# Task brief
Reproduce exactly, from the data that follows, the line with "2015 Toyota Corolla", the line with "Detached House, 4 bedrooms, Freehold", and every line that lies between them.

(Scraped caption text data)
_ _ _

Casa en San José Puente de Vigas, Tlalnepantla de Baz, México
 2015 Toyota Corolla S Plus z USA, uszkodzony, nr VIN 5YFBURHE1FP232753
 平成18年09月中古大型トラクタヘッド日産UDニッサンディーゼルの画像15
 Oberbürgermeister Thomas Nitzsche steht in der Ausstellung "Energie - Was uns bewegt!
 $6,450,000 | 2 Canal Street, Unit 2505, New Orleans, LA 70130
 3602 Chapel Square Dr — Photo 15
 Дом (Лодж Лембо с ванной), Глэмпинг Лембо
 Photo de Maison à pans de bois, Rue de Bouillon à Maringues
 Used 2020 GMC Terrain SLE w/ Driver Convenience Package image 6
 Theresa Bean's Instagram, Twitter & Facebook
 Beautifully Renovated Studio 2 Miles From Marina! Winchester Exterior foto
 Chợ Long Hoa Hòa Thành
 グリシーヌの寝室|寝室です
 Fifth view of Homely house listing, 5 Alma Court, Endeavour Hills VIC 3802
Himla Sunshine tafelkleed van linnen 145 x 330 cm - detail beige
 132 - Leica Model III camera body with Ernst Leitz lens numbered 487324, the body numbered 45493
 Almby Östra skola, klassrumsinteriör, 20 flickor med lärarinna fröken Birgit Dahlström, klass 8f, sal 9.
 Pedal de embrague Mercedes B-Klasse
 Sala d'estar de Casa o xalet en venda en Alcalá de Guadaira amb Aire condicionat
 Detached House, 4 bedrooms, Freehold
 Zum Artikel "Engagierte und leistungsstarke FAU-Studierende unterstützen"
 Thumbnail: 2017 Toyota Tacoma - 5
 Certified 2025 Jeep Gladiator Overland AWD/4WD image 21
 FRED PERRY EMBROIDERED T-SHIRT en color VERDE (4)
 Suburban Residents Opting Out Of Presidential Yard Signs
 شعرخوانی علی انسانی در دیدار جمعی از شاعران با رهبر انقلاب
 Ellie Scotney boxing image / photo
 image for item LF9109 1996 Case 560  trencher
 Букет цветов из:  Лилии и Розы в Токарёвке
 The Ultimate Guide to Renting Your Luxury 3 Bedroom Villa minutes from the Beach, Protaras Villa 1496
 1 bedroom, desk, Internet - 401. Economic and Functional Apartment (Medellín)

_ _ _

# Answer area
 2015 Toyota Corolla S Plus z USA, uszkodzony, nr VIN 5YFBURHE1FP232753
 平成18年09月中古大型トラクタヘッド日産UDニッサンディーゼルの画像15
 Oberbürgermeister Thomas Nitzsche steht in der Ausstellung "Energie - Was uns bewegt!
 $6,450,000 | 2 Canal Street, Unit 2505, New Orleans, LA 70130
 3602 Chapel Square Dr — Photo 15
 Дом (Лодж Лембо с ванной), Глэмпинг Лембо
 Photo de Maison à pans de bois, Rue de Bouillon à Maringues
 Used 2020 GMC Terrain SLE w/ Driver Convenience Package image 6
 Theresa Bean's Instagram, Twitter & Facebook
 Beautifully Renovated Studio 2 Miles From Marina! Winchester Exterior foto
 Chợ Long Hoa Hòa Thành
 グリシーヌの寝室|寝室です
 Fifth view of Homely house listing, 5 Alma Court, Endeavour Hills VIC 3802
Himla Sunshine tafelkleed van linnen 145 x 330 cm - detail beige
 132 - Leica Model III camera body with Ernst Leitz lens numbered 487324, the body numbered 45493
 Almby Östra skola, klassrumsinteriör, 20 flickor med lärarinna fröken Birgit Dahlström, klass 8f, sal 9.
 Pedal de embrague Mercedes B-Klasse
 Sala d'estar de Casa o xalet en venda en Alcalá de Guadaira amb Aire condicionat
 Detached House, 4 bedrooms, Freehold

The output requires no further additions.